Webcomics Are From Uranus: Sex in a Box

Last November, Hard, author of Sexy Losers, asked in his comic’s Livejournal why women read his comic. He was asking because he had so many women writing to him, and as he put it: "…sometimes they will add ‘Yes, there are females that read your comic’ as if I am suddenly shocked that there would actually be females that would find sex humour at all interesting…"

In my high school days, it was both shocking and amusing for bunch of girl friends and I to get together and watch soft-core porn, MST3K-style. This type of porn has the flimsiest of stories, the least amount of actual sex going on, and the stupidest ways of not showing anything but breasts. My favorite was one where the guy enters the room starkers, his genitalia covered in each shot by a random object in the room, which, as he stormed in, would get knocked down immediately before the camera changed angles… We laughed ourselves silly, but didn’t stop there. The next day at school we laughed again as we related our fun to our guy friends, teasingly. It both shocked and intrigued them, the "intrigued" part being what we were coyly going for.

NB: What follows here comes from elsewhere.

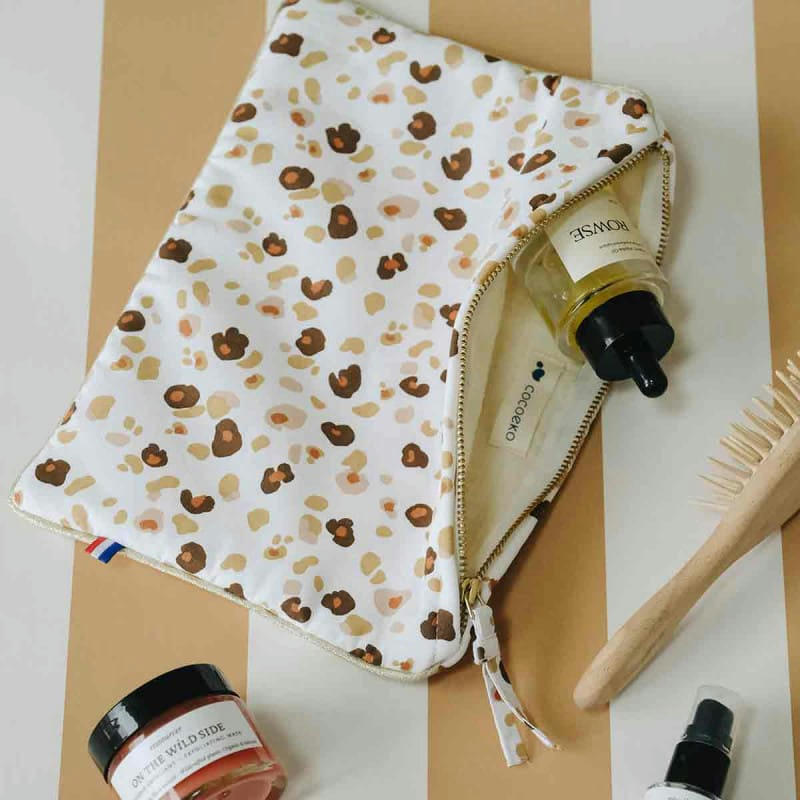 - Pochette femme coton Léopard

We wanted them to be a little turned on that we were that sexy, and a little mystified over what exactly we said when the boys weren’t around. It was an evil high school thing to do – flirting without actually flirting. We were growing up when Ally McBeal was on the air, and using sex for power was a much-tossed-about concept. Now TV has Donald Trump critiquing women for trying to rely on the same tactic. It seems a little lame now that I’m older and married, but the tactic is still attractive.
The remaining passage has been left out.